Are Hard Drives Getting Better? Let’s Revisit the Bathtub Curve

A decorative image showing stylized hard drives.

If you’ve hung around Backblaze for a while (and especially if you’re a Drive Stats fan), you may have heard us talking about the bathtub curve. In Drive Failure Over Time: The Bathtub Curve Is Leaking, we challenged one of reliability engineering’s oldest ideas—the notion that drive failures trace a predictable U-shaped curve over time.

But, the data didn’t agree. Our fleet showed dips, spikes, and plateaus that refused to behave. Now, after 13 years of continuous data, the picture is clearer—and stranger.

The bathtub curve isn’t just leaking, and the shape of reliability might look more like an ankle-high wall at the entrance to a walk-in shower. The neat story of early failures, calm middle age, and gentle decline no longer fits the world our drives inhabit. Drives are getting better—or, more precisely, the Drive Stats dataset says that our drives are performing better in data center environments.

So, let’s talk about what our current “bathtub curve” looks like, and how it compares to earlier generations of the analysis.

The TL;DR: Hard drives are getting better, and lasting longer.

The intro: Let’s talk bathtub curve

If you’ve spent any time around hardware reliability, you’ve seen it: a smooth U-shaped line called the bathtub curve. It promises order in the chaos of failure—a story where devices begin life with a burst of defects, settle into steady performance, and finally wear out in predictable decline. And, this is what it looks like:

For decades, it’s been engineering shorthand for how things die. But as our dataset has grown—more than a decade of drive telemetry and millions of drive-days—the data is clear: Our real drive population is more complicated.

What the bathtub curve looked like then

The first time we ran this analysis was in 2013, and when we updated the article in 2021, we shared this chart:

It shows the annualized failure rate (AFR) of the full drive pool over time (in years) at two different look-back points—2013 and 2021. At that time, you could already see that the bathtub curve was starting to, as the venerable Andy Klein put it, “leak.” The 2013 data looks the closest to a true bathtub curve, while the 2021 data shows fewer early failures and a lower failure rate for more years. We also see the average longevity of drives goes up by about two years before spiking into the failure zone.

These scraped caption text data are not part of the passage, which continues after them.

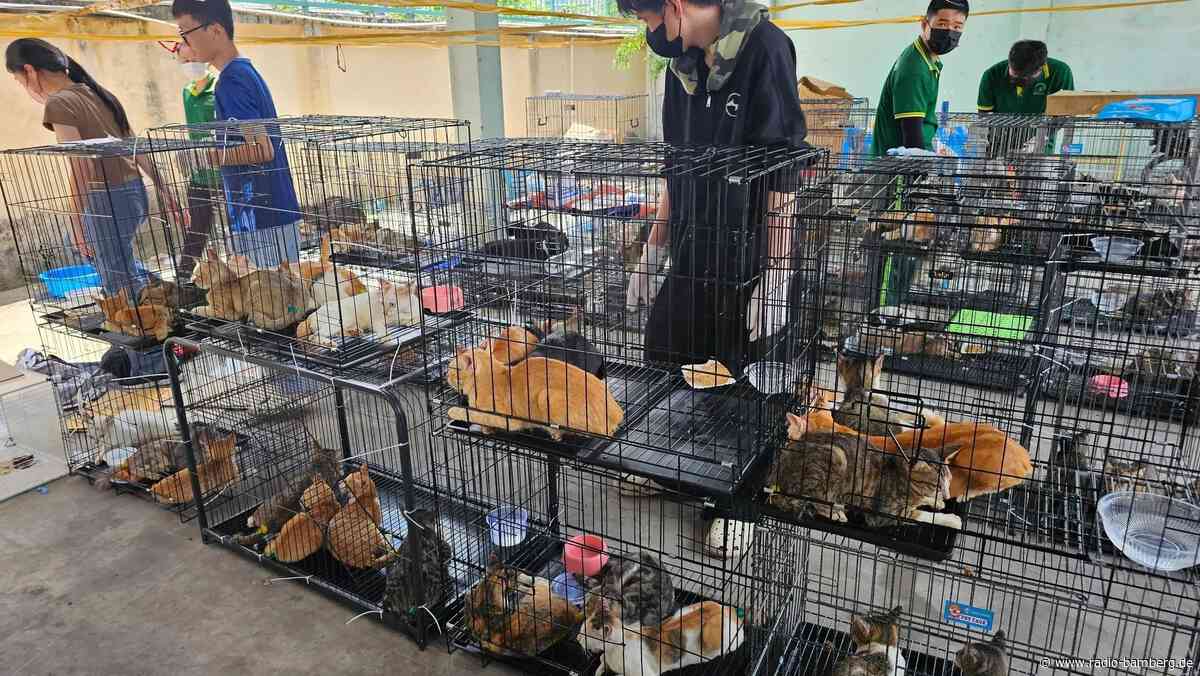 Katzen auf dem Teller: Vietnams Esskultur im Wandel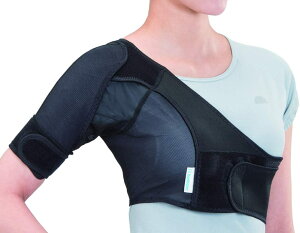 y/|Xgzbonbone T|[^[ V_[ANV ubNL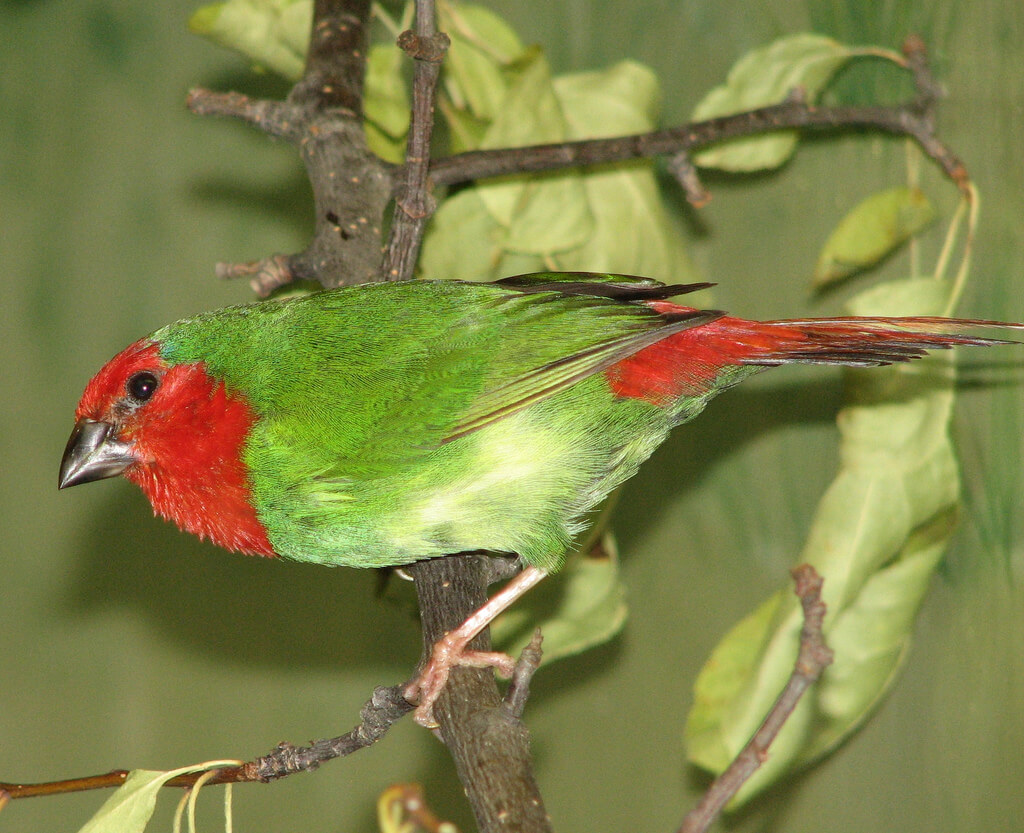 Diamante cuatricolor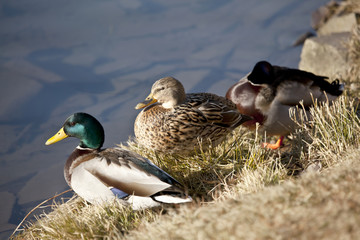 Am Teich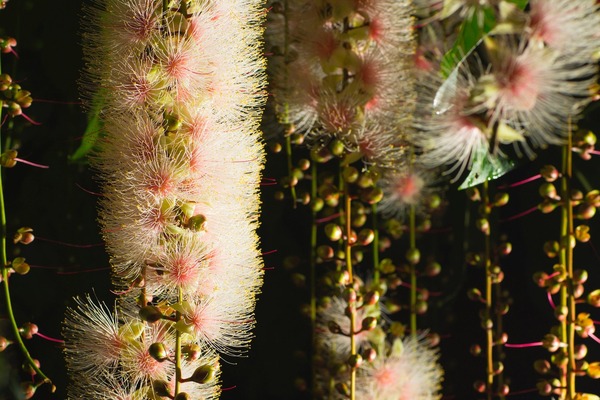 33064-1270-8d574ad96d5a238c0b0f9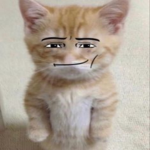 The Cat mans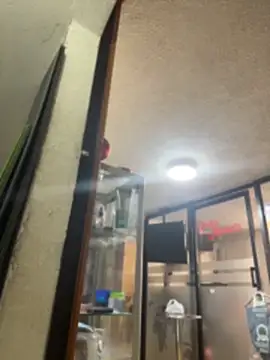 SALOME_KORLAND Live XXX Chat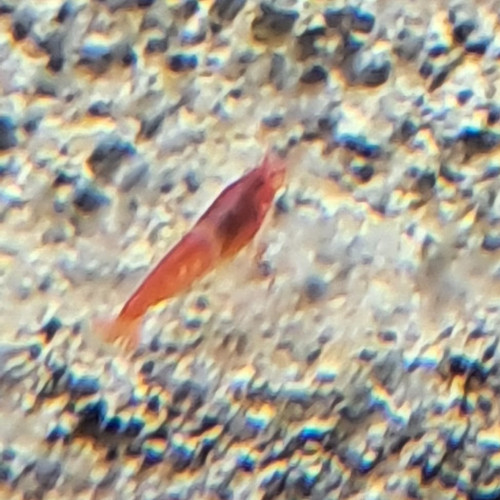 Opae ula, Halocaridina Rubra, crevette de Hawaï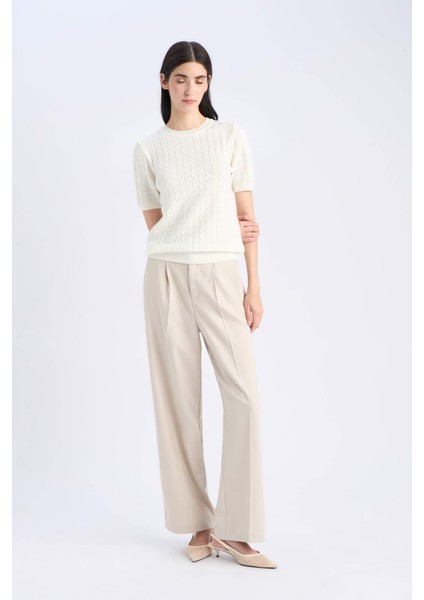 Regular Fit Bisiklet Yaka Basic Düz Triko Kısa Kollu Kazak D3306AX25SM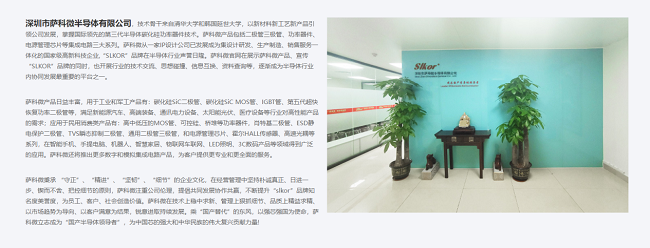 　　萨科微slkor网站内页1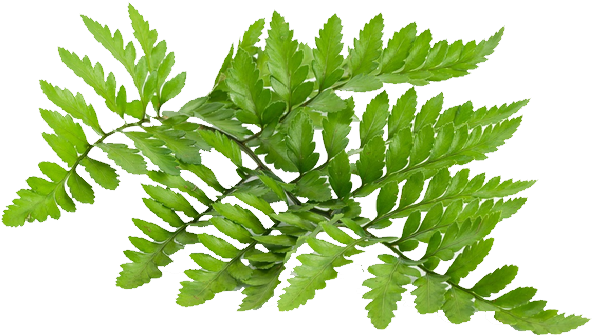 Polypodium Leucotomos Leaf - Fougère (640x384)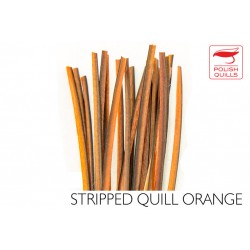 Quill de paon ébarbé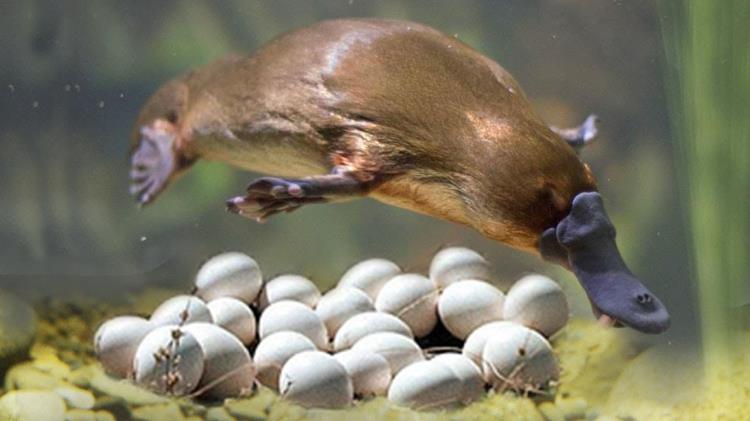 thú mỏ vịt đẻ trứng hay đẻ con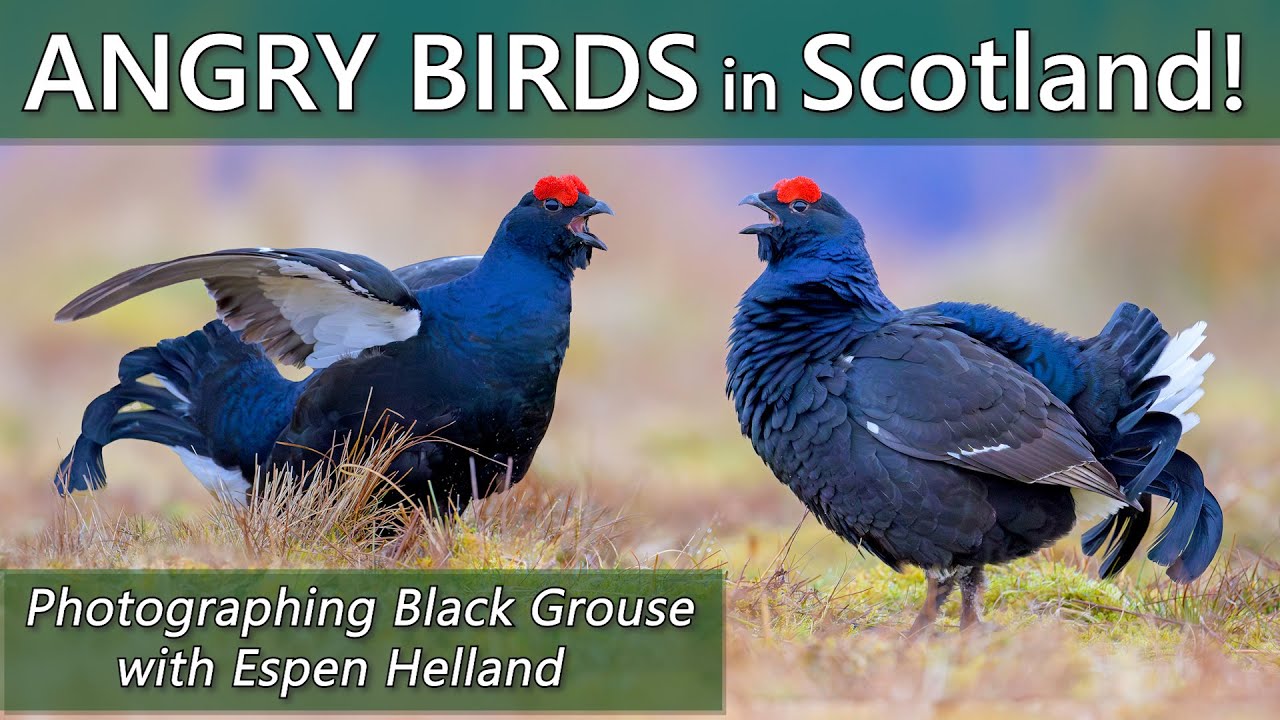 Angry Birds in Scotland - Photographing a Black Grouse Lek with Espen Helland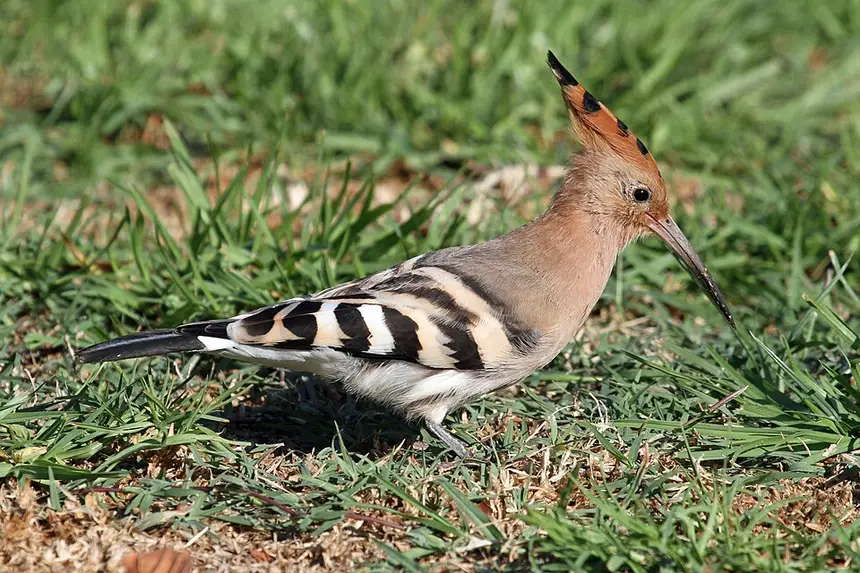 African Hoopoe (Upupa africana) in Kruger National Park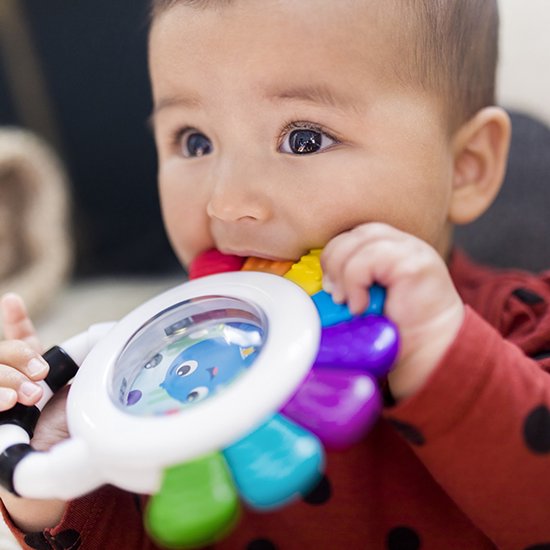 Baby Einstein Outstanding Octopus Rammelaar K12487 van Merkloos — afbeelding 3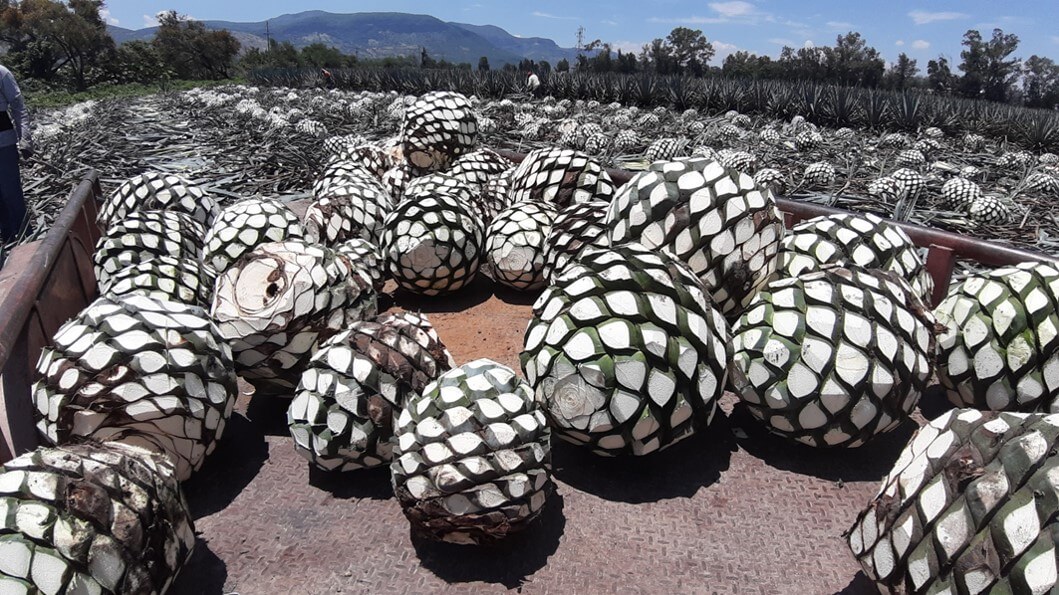 “Corazón o piña” del agave 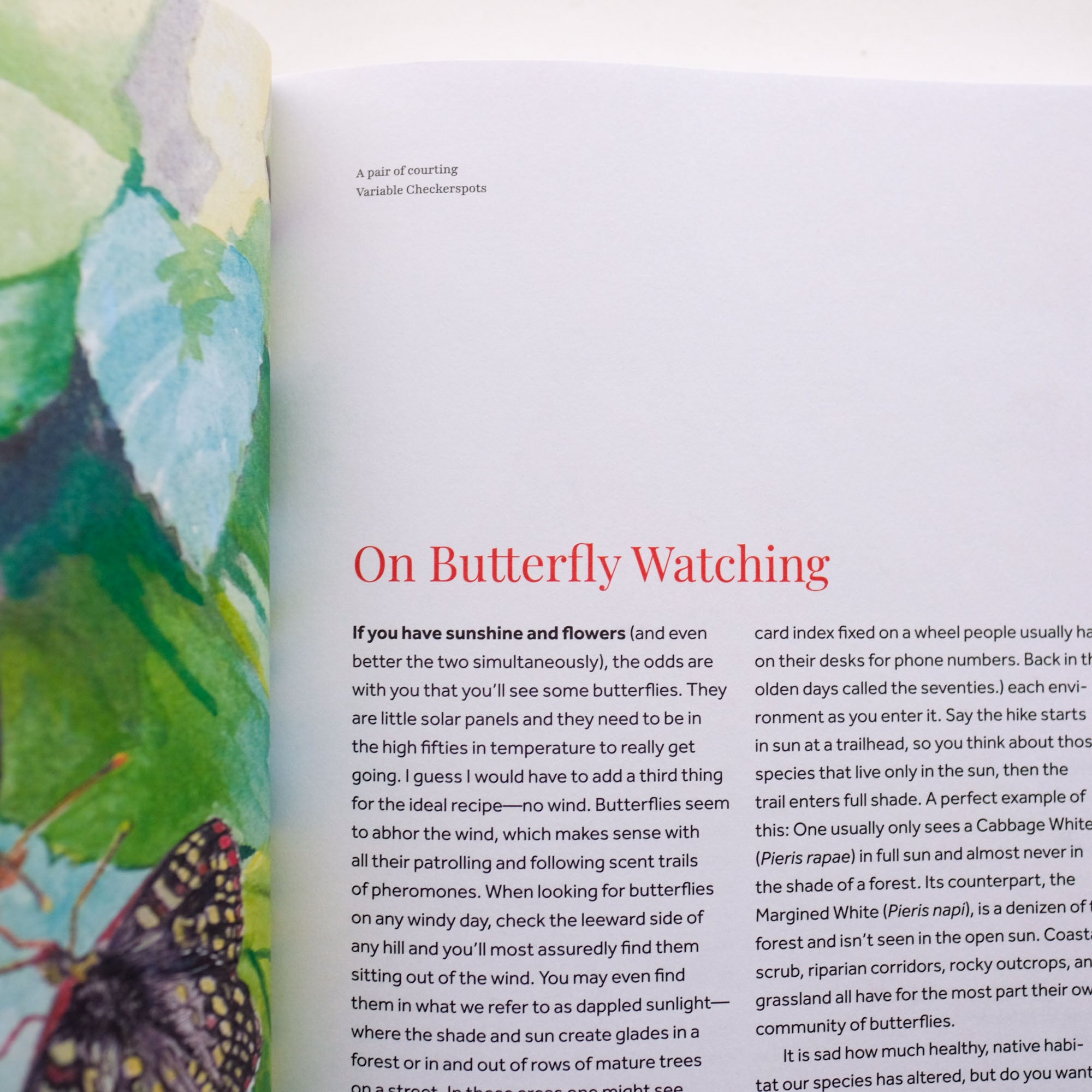 Butterflies of the Bay Area and (Slightly) Beyond: An Illustrated Guide by Liam O'Brien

Numbers can both define and obscure reality

Now, there are some very interesting factors that come into play when comparing hard drive reliability over time. For example, our usual caveats about how we use drives vs. how consumers use drives, how our workloads have changed over time, etc. More importantly, though, because we’re comparing averages, it’s easy to lose track of the context around our dataset—how many hard drives are we talking about in 2013 vs. 2021?

When we did this analysis in 2013, Backblaze had been open for six years, but we’d only been publishing the Drive Stats dataset since 2013. So, arriving at presenting a look-back at the data (i.e., this is how many drives failed when they were between zero and one years old) was a bit of a math problem compared to our usual data reporting. We were talking about drives that entered the drive pool in 2007, and those were ones we hadn’t shared complete daily logs about, even if the drive was still in service in 2013 (which, as you can tell from the data, was unlikely). We achieved that by looking at failures vs. logged on hours, and when we re-created the analysis recently, we used this SQL query:

CREATE VIEW introduction_dates AS
    -- Calculate the introduction date of drives that were already in service on 2013-04-10
    SELECT serial_number, date(date_add('hour', -1 * smart_9_raw, TIMESTAMP '2013-04-10 00:00:00')) AS introduced
    FROM drivestats
    WHERE date = DATE '2013-04-10'
    UNION
    -- Use the minimum date for drives that entered service after after 2013-04-10
    SELECT serial_number, MIN(date) as introduced
        FROM drivestats
        WHERE serial_number NOT IN (
            SELECT serial_number
            FROM drivestats 
            WHERE date = DATE '2013-04-10'
        )
        GROUP BY serial_number;

SELECT
    date_diff('day', d2.introduced, d1.date) / 91 AS age_in_quarters,
    100 * 365 * (cast(SUM(d1.failure) AS DOUBLE) / COUNT(*)) AS afr
FROM drivestats AS d1
INNER JOIN introduction_dates AS d2
ON d1.serial_number = d2.serial_number
GROUP BY 1
ORDER BY 1;

Our drive pool looked a lot different in 2013 as well. Not only was it smaller (~35,000 drives and over 100PB of data were live as of September 2014), but it also was made up of “consumer” drives. While we didn’t see much of a difference between the two when we actually tested them in the environment, we did a lot of drive farming in those days, a process that included actually “shelling” the drives and removing them from their housings—which means that our drive pool had a lot more potential to get some bumps along the way. Hard drives are pretty resilient and we were careful, but it’s worth noting.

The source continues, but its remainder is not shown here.